2.4 Merging our datasets
Let’s review the data that we have:
- A csv file of addresses and pothole report/fill times
- A csv file of addresses and geographic information, including census tract identifiers
- A csv file of census tract identifiers and race data
We’ll need to do a few merges in order to complete our finished dataset.
2.4.0.1 Our base dataset: potholes
Let’s start with our pothole dataset. Right after we read it in we’re going to filter for 2013. That’s pretty easy to do because pandas read the date in as text!
potholes = pd.read_csv("data/potholes-merged.csv")

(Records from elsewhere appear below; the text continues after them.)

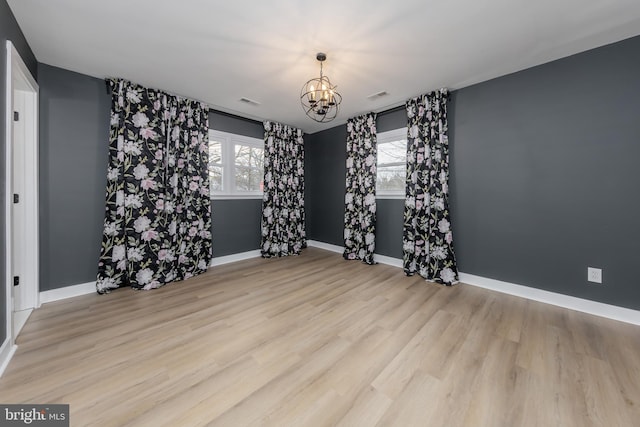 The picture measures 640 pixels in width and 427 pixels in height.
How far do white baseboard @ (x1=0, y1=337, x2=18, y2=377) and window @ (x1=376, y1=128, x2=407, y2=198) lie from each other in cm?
416

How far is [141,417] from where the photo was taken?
3.93 ft

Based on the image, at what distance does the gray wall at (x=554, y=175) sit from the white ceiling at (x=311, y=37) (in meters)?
0.29

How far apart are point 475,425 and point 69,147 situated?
14.0 ft

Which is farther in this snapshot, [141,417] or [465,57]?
[465,57]

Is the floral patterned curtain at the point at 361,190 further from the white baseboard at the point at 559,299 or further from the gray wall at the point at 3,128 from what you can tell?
the gray wall at the point at 3,128

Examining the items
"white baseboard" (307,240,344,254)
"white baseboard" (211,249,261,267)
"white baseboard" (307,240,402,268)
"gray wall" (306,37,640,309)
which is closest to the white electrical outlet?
"gray wall" (306,37,640,309)

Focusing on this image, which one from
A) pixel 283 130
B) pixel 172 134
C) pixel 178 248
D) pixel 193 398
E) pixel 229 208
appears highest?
pixel 283 130

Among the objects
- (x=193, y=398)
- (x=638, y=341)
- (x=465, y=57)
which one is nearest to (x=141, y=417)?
(x=193, y=398)

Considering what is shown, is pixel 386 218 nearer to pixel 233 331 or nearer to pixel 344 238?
pixel 344 238

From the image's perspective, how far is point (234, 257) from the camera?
13.3 ft

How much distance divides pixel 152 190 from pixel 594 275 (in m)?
4.96

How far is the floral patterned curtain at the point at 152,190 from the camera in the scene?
279cm

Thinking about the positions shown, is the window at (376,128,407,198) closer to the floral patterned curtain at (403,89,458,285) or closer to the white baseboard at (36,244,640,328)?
the floral patterned curtain at (403,89,458,285)

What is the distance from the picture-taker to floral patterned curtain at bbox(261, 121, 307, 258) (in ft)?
14.1
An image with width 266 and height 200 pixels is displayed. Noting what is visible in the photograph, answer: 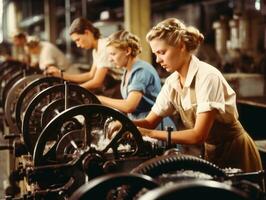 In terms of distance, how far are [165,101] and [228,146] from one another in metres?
0.50

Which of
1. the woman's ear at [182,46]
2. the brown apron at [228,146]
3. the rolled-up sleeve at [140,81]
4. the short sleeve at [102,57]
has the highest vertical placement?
the woman's ear at [182,46]

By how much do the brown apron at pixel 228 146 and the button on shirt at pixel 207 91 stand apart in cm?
7

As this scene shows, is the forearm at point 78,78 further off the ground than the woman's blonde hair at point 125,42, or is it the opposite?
the woman's blonde hair at point 125,42

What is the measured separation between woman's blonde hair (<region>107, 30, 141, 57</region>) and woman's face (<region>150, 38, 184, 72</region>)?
3.17 feet

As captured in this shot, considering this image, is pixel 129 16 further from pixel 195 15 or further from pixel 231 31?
pixel 195 15

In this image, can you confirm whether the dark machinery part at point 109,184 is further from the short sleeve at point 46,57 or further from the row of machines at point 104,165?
the short sleeve at point 46,57

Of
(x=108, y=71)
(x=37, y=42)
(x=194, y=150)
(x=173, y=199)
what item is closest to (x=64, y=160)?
(x=173, y=199)

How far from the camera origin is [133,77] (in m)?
4.02

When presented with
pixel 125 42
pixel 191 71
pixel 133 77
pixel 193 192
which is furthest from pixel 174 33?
pixel 193 192

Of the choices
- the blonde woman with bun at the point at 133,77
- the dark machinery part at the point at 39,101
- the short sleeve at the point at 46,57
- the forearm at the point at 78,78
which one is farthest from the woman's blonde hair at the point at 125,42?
the short sleeve at the point at 46,57

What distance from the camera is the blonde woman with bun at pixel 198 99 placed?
2875 mm

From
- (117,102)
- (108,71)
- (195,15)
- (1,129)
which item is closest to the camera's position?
(117,102)

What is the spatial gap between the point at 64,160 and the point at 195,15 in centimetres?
894

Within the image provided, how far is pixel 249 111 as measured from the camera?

potholes = potholes[potholes.EnterDt.str.startswith('2013')]
potholes.head()
EnterDt | PrintDt | ResolvDt | address | |
---|---|---|---|---|
38113 | 2013-07-15 23:35 | 2013-07-16 05:46 | 2013-07-17 05:50 | 3839 N 10TH ST |
38114 | 2013-07-15 20:05 | 2013-07-16 05:46 | 2013-07-24 16:58 | 4900 W MELVINA ST |
38115 | 2013-07-15 20:00 | 2013-07-16 05:56 | 2013-07-25 14:42 | 2400 W WISCONSIN AV |
38116 | 2013-07-15 19:55 | 2013-07-16 05:46 | 2013-07-18 06:06 | 1800 W HAMPTON AV |
38117 | 2013-07-15 19:50 | 2013-07-16 05:46 | 2013-08-02 06:08 | 4718 N 19TH ST |
2.4.0.2 Merging pothole addresses with tracts
To give these addresses census tract identifiers, we’ll join it to our geocoded tract dataset. As I mentioned before, we’re only interested in a couple of the columns - address and tract - so we’ll ignore the lat/lon, city, state, and all of that.
tracts = pd.read_csv("data/2013-addresses-tracts.csv",
dtype={'GEOID': 'str'},
usecols=['address', 'GEOID'])
tracts.head()
address | GEOID |
---|---|
8900 N 124TH ST | 55133200202 |
2200 N TERRACE AV | 55079186900 |
1000 N PROSPECT AV | 55079186900 |
1700 N PROSPECT AV | 55079186900 |
2298 N TERRACE AV | 55079186900 |
Any time you read in a geographic identifier - ZIP codes, etc - you’ll want to read them in as strings. Since they look like numbers, pandas would take a ZIP code like 06002
and turn it into the integer 6002
. To prevent any bad situations arising from something like that, we preemptively read in all of our geographic codes as strings.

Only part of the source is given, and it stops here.